= Aim of the exercise =
Retype, word for word, every line starting at the line with "Salmon River Success" and ending with the final line of the entries; skip the pictures.

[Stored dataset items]

..............................

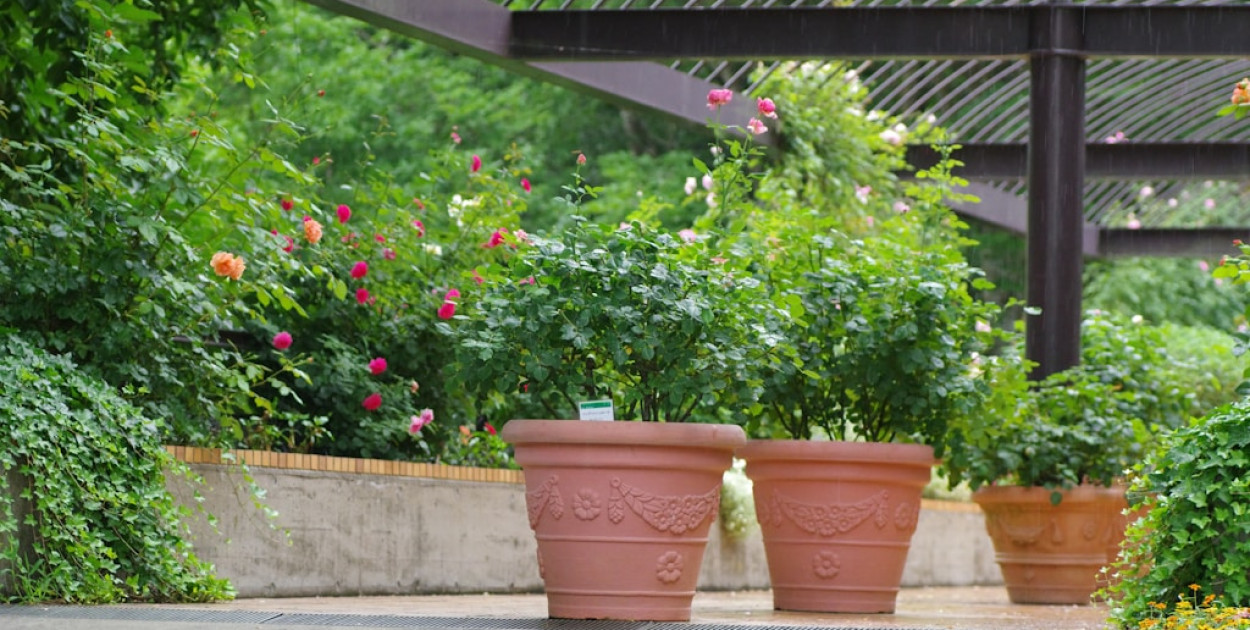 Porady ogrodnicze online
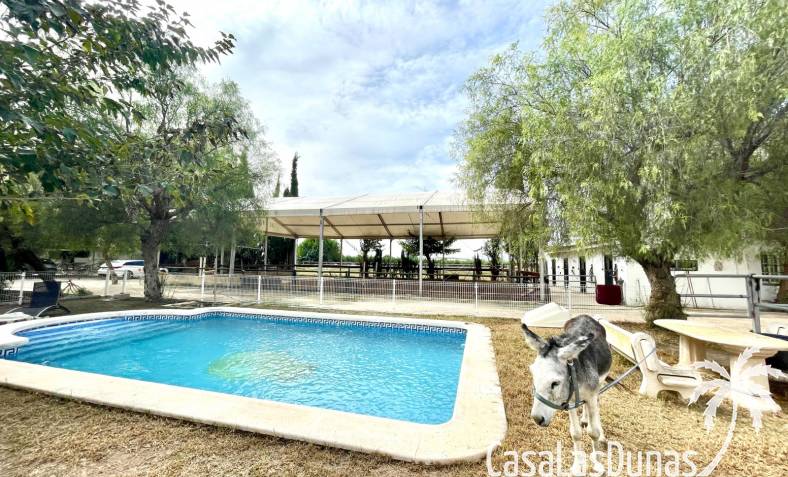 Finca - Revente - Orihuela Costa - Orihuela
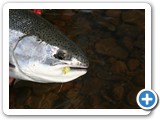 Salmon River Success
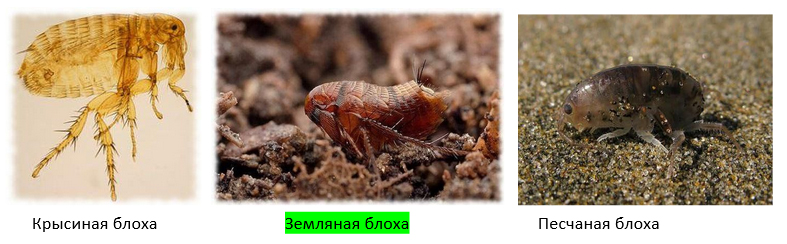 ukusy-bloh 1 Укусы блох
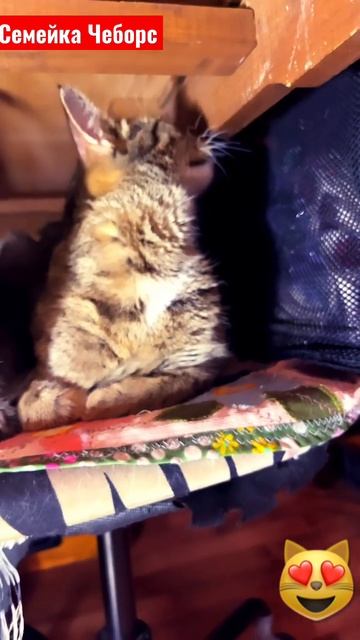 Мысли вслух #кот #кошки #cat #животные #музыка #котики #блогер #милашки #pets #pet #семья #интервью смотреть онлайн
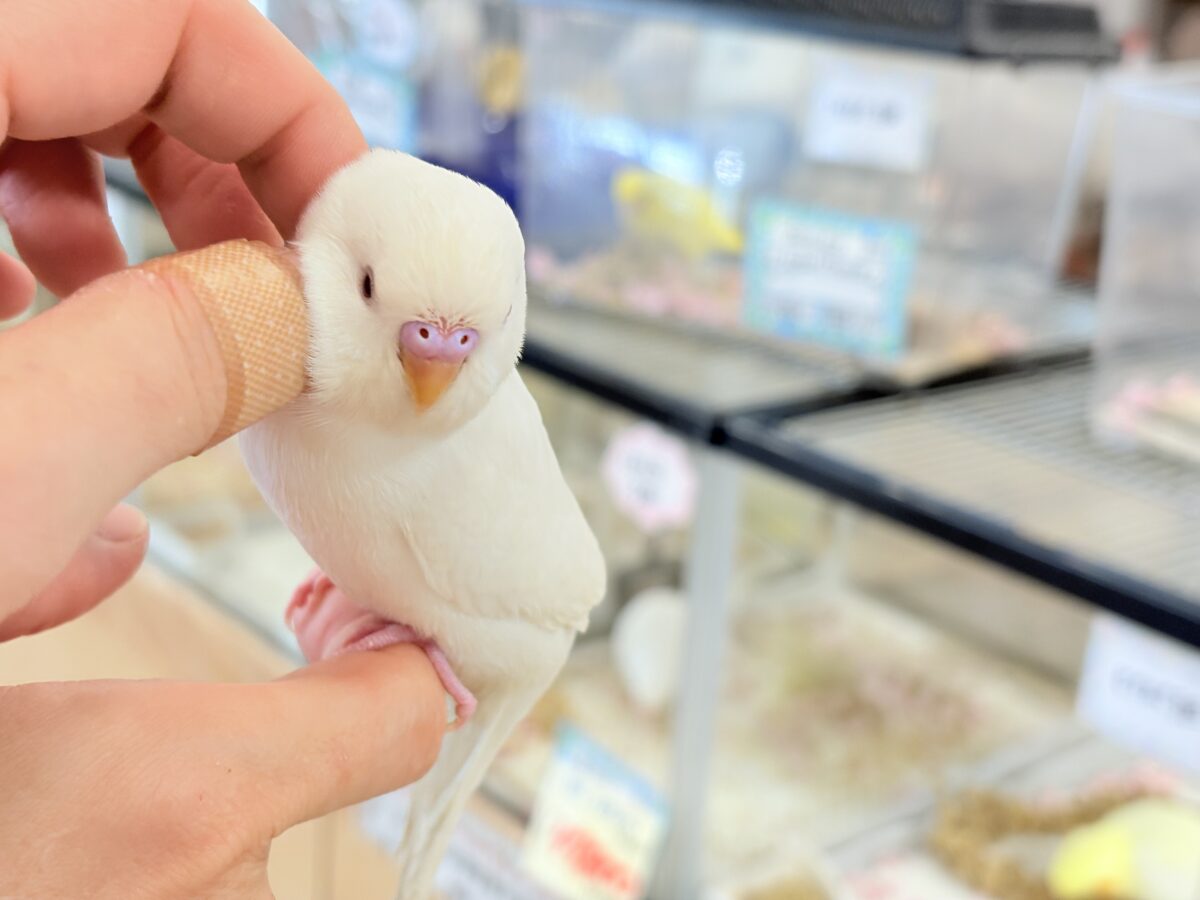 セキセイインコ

..............................

= Answer below =
 Salmon River Success
 ukusy-bloh 1 Укусы блох
 Мысли вслух #кот #кошки #cat #животные #музыка #котики #блогер #милашки #pets #pet #семья #интервью смотреть онлайн
 セキセイインコ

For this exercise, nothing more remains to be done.